Le freak, c’est chic c’est le refrain d’un tube de la fin des années 70, d’un tube disco du groupe Chic . C’est un titre à l’histoire fabuleuse, celle de Nile Rodgers et Bernard Edwards, qui à la fin des années 70, un soir de réveillon de nouvel an à New York s’étaient fait refouler du Studio 54 , la mythique boîte de nuit new yorkaise, alors qu’ils avaient rendez-vous à l’intérieur avec Grace Jones. Après être rentrés trempés et désespérés, ils composaient cette chanson qui allait leur donner la gloire et la permission d’aller tous les jours, comme des stars, au Studio 54 .

 

Les derniers jours du disco se situe à Manhattan au début des années 80, et sa boîte de nuit ressemble comme deux gouttes de vodka tonic au Studio 54, qui aimante les personnages de ce roman, bien décidés, dans la lessiveuse chic de ce temple du disco, à essayer de se faire une place au soleil de Manhattan.  

Des dialogues savoureux

Parmi eux, deux filles, Charlotte et Alice, qui veulent percer dans l’édition, et, chez les garçons, Dan, Hap ou Jimmy Steinway, surnommé le "publicitaire dansant", et qui se rappelle, vingt ans plus tard, cette période des années 80 où l’on dansait comme on travaillait : à fond ! Et c’est Steinway, donc, qui se souvient vingt ans après de cette histoire, et qui nous la raconte.

 

Le roman séduit et tourbillonne comme une boule à facettes, les dialogues sont savoureux, les émotions jaillissent en cascade, c’est tendre et dur comme la vie peut l’être, et puis il y a un personnage vraiment inoubliable, la ville.
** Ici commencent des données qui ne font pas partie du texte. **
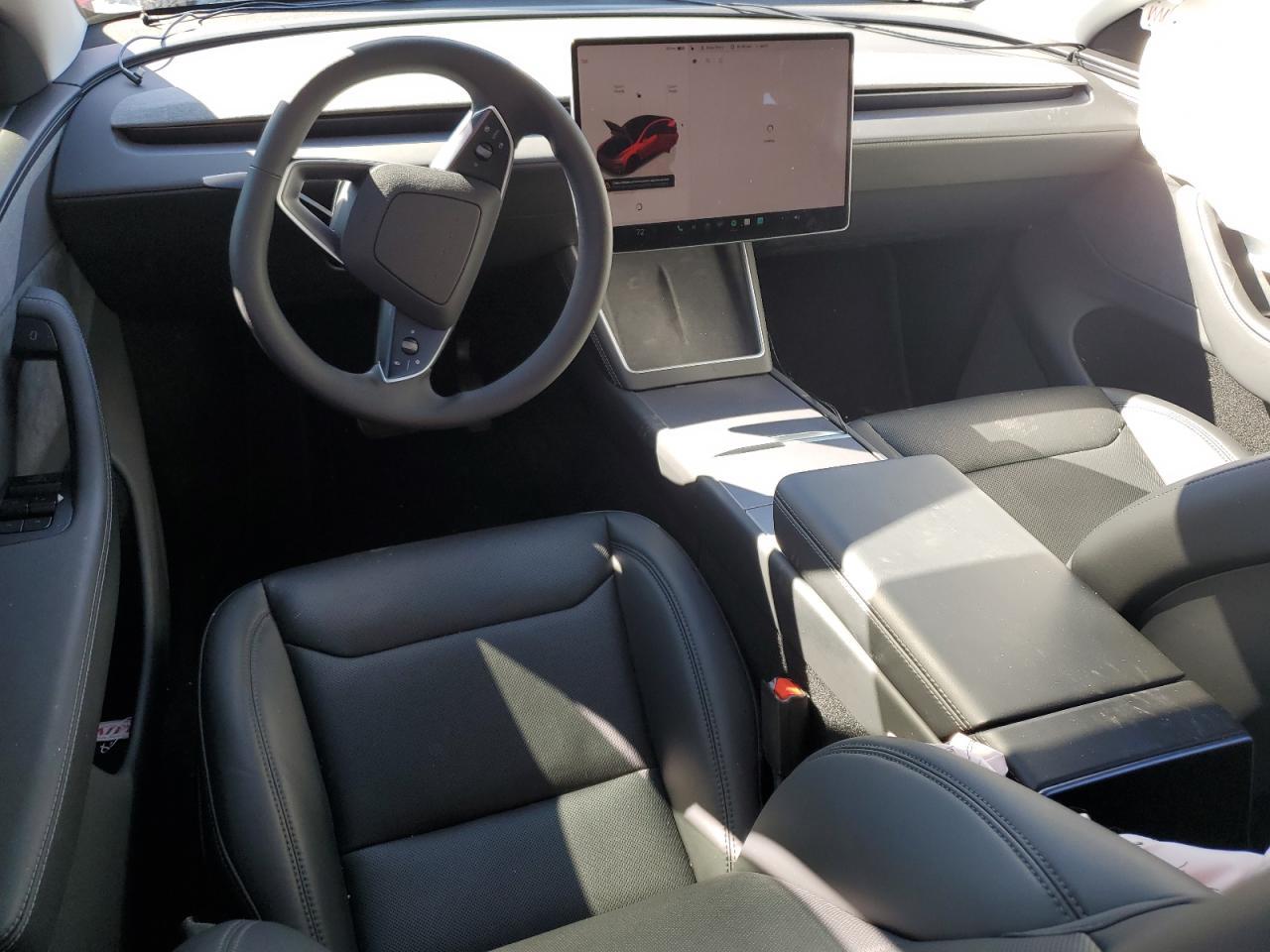 2026 TESLA MODEL Y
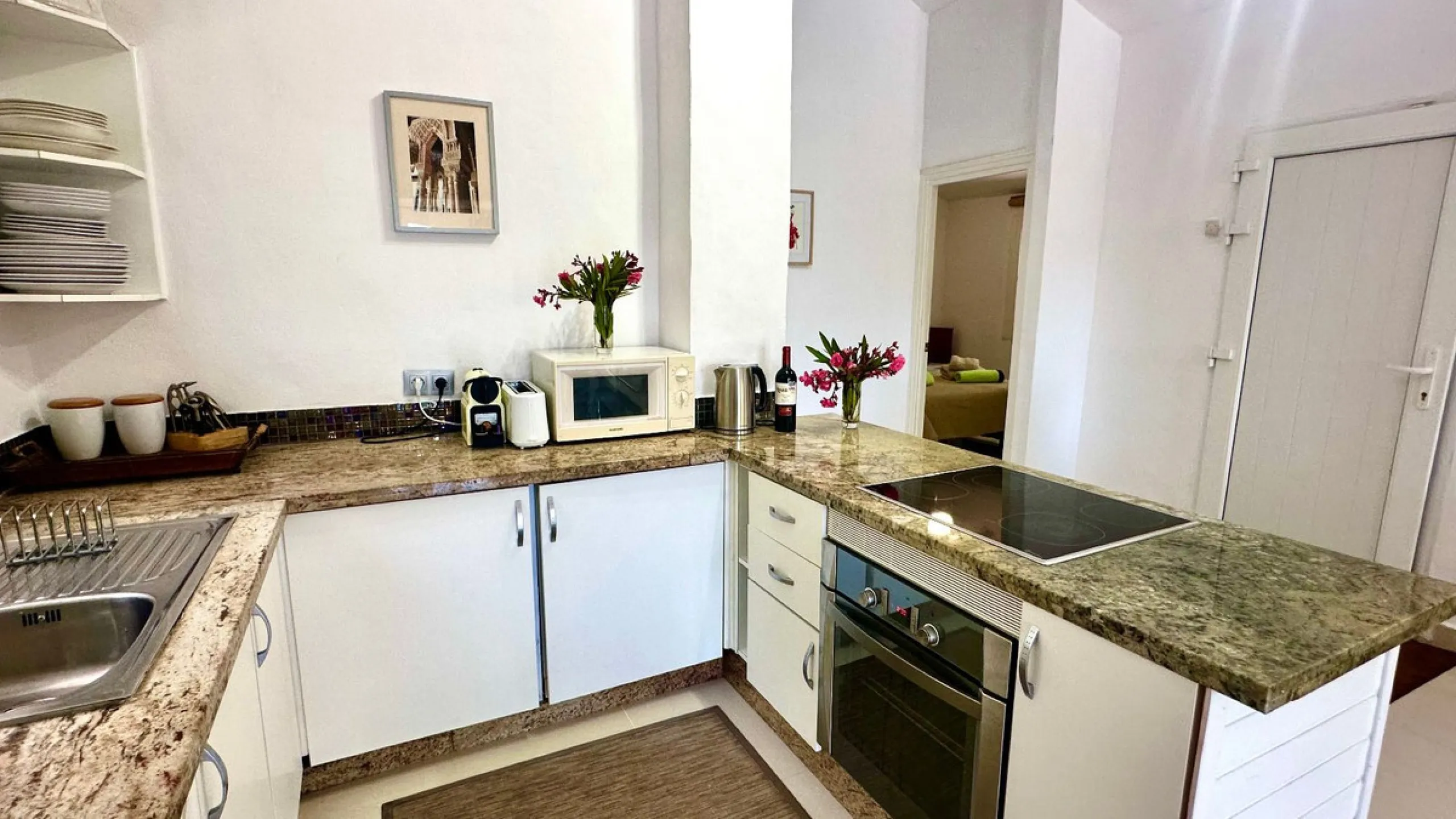 House - Detached Villa в продаже в La Viñuela, Málaga. В доме 2 спален и 1 ванных комнат. Площадь дома 101 м². Площадь участка 600 м²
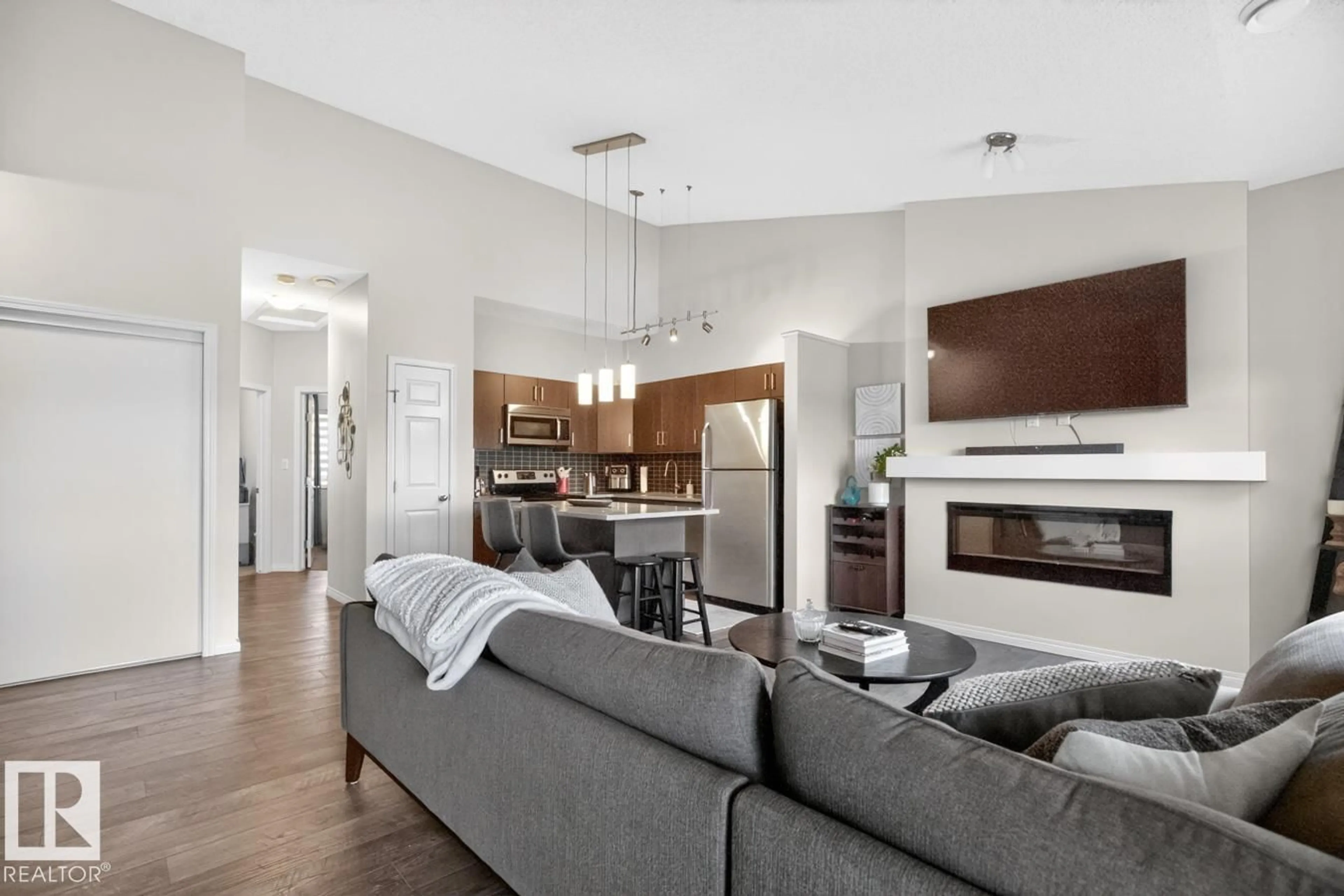 Open concept kitchen, unknown for 15 - 3305 ORCHARDS LINK LI, Edmonton Alberta T6X2H1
New York à cette époque là est le véritable, le seul centre du monde, et distille à la jeunesse de toute la planète sa bande son envoûtante.

Des prix

Les derniers jours du disco vient d’obtenir le prix Fitzgerald, qui est décerné chaque année à l’hôtel Belles rives de Juan-les-pins. Bon choix, parce que l’ombre de Fitzgerald plane sur ce récit plein de classe et de mélancolie.

 

Les lunes de mir Ali , de Fatima Bhutto, vient de décrocher le Prix de la romancière qui est décerné à l’hôtel Montalembert par un jury composé notamment de Marc Dugain, de Jean Christophe Rufin, de Sylvain Tesson…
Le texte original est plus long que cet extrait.